Once again, Caspar David Friedrich has elected to use an expansive landscape to demonstrate the human condition as a fragile one. Barely visible, by the tree-line near the end of the waterway is a miniscule boat. Slightly divergent from previous instances (this ship is yet another human being, albeit metaphorically), but where previous figures have been set apart from the landscape (often clearly in the foreground, close to the viewer), this one is a component of the landscape by virtue of its lack of conspicuousness. When one considers that this painting, created during a period in which Friedrich suffered debilitating ailment, displays the end of the water body (flowing water is often a potent metaphor for human life) and, correspondingly, the boat itself toward the bank, we can clearly see that Friedrich suspected that his was to be a terminal illness. Furthermore to these elements, though, we can see the summer sunset, something bright and glorious about to expire. More subtly, though, we can see in certain areas the water infiltrating the ground, suggesting quiet subsidence. We may also note that the most conspicuous element is the centre of the water body which is portrayed – the area immediately prior to the shadowed bank (and here we see yet another reference to transition, from the ‘light’ of life to something obfuscated and unknown).
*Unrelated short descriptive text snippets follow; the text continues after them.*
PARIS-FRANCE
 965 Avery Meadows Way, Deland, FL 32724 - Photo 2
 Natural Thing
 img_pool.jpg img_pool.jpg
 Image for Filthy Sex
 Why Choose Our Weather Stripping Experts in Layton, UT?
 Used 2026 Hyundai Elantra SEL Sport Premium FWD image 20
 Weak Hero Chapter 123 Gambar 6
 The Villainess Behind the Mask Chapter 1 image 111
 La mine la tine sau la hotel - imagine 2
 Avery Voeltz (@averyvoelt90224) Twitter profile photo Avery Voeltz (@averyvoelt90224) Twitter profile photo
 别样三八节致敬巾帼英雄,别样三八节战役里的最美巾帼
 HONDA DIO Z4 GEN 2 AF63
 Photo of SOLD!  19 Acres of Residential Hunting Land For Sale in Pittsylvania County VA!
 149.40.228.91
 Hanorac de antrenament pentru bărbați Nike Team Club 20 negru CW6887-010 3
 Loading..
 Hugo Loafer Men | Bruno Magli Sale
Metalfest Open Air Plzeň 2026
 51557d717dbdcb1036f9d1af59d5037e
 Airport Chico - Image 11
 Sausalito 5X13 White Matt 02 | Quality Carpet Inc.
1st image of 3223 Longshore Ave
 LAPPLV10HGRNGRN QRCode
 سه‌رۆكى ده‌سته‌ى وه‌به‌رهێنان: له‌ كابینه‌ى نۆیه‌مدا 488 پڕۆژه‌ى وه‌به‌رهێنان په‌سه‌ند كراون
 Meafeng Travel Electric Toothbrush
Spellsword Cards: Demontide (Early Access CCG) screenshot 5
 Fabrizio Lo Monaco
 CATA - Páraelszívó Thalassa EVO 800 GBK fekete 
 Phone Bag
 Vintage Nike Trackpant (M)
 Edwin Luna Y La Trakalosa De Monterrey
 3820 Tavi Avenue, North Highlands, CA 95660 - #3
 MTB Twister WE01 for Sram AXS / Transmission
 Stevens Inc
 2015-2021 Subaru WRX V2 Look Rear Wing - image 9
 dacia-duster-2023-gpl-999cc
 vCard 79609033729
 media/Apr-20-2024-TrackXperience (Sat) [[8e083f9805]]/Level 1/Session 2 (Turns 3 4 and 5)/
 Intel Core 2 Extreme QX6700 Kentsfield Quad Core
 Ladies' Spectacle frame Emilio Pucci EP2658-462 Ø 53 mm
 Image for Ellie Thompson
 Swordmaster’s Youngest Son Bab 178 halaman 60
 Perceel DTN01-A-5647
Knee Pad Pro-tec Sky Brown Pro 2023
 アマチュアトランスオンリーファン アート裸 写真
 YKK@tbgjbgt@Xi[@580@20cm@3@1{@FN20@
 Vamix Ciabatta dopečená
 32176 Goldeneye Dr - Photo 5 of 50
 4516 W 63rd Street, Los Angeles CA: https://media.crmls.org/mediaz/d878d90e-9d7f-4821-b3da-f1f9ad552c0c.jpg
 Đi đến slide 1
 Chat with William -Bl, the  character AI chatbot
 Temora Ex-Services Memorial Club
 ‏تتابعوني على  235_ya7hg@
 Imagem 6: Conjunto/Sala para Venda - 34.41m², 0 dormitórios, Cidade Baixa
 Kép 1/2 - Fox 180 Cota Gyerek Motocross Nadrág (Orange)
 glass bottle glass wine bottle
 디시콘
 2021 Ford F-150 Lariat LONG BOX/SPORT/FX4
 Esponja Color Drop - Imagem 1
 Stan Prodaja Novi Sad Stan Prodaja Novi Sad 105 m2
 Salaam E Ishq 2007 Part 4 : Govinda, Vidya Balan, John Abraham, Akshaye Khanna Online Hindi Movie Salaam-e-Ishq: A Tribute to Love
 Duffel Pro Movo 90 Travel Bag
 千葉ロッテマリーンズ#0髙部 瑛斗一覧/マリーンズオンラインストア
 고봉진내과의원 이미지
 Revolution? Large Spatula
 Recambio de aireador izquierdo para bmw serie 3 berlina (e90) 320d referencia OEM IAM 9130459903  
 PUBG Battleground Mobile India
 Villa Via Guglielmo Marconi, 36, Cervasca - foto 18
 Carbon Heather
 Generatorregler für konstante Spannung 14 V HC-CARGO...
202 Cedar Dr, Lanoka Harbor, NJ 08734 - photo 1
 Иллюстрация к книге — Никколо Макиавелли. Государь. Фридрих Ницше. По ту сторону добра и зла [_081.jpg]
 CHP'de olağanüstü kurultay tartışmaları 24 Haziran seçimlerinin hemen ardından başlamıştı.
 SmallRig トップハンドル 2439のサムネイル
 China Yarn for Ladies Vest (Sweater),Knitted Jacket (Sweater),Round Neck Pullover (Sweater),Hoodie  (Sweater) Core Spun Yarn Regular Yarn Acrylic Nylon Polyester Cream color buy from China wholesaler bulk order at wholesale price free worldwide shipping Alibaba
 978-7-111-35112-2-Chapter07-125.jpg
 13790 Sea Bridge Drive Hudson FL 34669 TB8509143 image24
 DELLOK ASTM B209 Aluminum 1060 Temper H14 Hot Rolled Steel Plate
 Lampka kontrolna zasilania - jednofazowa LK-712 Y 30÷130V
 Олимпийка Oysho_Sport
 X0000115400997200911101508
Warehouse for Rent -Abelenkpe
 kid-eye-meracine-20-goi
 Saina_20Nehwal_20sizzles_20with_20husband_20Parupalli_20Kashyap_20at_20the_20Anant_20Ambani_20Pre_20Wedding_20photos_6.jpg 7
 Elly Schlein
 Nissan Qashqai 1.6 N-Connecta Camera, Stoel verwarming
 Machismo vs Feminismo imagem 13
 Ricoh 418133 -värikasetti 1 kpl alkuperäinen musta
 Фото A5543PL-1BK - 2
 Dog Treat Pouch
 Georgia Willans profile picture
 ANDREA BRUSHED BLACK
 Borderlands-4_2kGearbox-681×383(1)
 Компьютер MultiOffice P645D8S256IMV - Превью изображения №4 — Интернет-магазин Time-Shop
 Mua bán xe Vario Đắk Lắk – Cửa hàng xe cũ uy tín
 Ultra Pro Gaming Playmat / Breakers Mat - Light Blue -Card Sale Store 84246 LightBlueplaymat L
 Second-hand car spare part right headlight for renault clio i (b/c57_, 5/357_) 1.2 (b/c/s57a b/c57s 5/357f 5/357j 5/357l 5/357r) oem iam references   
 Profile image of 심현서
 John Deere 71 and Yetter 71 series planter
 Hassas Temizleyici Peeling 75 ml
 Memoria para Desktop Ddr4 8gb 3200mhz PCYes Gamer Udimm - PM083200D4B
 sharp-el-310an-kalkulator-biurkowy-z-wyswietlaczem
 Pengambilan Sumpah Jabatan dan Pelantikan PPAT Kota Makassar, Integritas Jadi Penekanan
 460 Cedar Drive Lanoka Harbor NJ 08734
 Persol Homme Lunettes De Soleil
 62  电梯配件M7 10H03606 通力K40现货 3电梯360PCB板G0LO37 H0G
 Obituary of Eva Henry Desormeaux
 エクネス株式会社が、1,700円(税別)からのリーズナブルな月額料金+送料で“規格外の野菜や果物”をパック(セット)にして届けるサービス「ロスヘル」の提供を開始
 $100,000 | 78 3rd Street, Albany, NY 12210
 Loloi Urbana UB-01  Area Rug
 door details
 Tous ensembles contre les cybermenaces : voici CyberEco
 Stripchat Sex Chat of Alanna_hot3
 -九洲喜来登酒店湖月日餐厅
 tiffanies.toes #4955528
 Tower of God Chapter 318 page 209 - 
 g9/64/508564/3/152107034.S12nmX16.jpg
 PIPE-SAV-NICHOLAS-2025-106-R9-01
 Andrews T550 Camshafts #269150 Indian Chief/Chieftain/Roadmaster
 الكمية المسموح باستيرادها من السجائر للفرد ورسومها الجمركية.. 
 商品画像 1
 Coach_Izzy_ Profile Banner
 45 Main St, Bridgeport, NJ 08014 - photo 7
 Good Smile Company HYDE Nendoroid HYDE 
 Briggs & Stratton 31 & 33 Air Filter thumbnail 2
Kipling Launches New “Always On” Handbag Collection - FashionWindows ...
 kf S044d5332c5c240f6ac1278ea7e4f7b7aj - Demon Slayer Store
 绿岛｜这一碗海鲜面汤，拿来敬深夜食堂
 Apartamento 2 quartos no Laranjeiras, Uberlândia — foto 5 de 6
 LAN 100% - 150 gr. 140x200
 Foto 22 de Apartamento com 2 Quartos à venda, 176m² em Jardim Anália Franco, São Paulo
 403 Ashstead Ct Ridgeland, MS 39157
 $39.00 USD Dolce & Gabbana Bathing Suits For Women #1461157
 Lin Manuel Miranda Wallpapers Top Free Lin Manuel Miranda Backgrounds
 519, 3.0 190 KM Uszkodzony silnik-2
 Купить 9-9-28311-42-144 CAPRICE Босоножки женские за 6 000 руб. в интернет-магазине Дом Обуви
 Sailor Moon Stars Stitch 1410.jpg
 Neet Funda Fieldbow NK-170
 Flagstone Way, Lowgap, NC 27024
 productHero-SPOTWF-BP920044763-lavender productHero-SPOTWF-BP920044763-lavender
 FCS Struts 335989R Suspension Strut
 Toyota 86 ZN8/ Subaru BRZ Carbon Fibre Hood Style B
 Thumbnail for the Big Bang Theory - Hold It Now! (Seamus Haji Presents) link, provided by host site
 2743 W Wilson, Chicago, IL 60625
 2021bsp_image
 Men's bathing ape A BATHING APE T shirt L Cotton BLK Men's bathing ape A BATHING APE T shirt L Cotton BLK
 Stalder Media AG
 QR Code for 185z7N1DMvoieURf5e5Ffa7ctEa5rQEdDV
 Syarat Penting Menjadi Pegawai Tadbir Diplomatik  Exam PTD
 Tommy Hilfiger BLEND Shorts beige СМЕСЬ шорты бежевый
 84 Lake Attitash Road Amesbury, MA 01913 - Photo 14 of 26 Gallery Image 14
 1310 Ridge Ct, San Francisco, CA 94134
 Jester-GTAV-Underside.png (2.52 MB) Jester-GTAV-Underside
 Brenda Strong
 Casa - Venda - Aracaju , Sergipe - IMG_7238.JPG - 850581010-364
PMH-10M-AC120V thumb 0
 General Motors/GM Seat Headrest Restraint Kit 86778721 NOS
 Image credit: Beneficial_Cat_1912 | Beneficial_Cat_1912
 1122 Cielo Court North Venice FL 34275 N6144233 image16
This work was created only a few years prior to the first (and crippling) stroke Friedrich suffered in 1835, and as such Friedrich retained much of his capacity to paint, although his health was generally declining and melancholy images returned to his work. Recognising that he may have little time left – as indeed the case proved to be – Friedrich was attempting to achieve a Gesamtkunstwerk; a complete and comprehensive work of art. Around the time this work was created, Friedrich returned to the use of tempera and watercolour in the creation of illuminated transparentmalareien (transparent paintings), although this particular work remains faithful to his past use of oils (since 1808).
By this time, Friedrich’s art had precipitously declined in popularity and as such many of his works were ignored or unheard-of. The few remaining buyers he had came from artistic circles in Saxony and the Imperial Court in Russia. One of his patrons, the poet Wassily Zhukovsky, would later visit Friedrich, after he suffered a second stroke (1939). By this point Friedrich had entirely lost the capacity even to draw, and Zhukovsky is said to have remarked “He is a broken man. He cries like a child.” Often in Friedrich’s later pieces we witness indications of regret. Such works, which include ‘Sea Piece by Moonlight’ (which displays a ship, silent and alone upon an ethereal sea), ‘the Dreamer’ (in which a young man sits on a gothic ruin, pondering the setting sun) and ‘Stages of Life’ (in which an elderly man stares absently out to sea, where tall ships slowly vanish into the sunset), bear witness to the notion that Friedrich never achieved the emotional peace and spiritual conciliation with life that he sought so fervently. Friedrich died, impoverished and bitter, in 1940.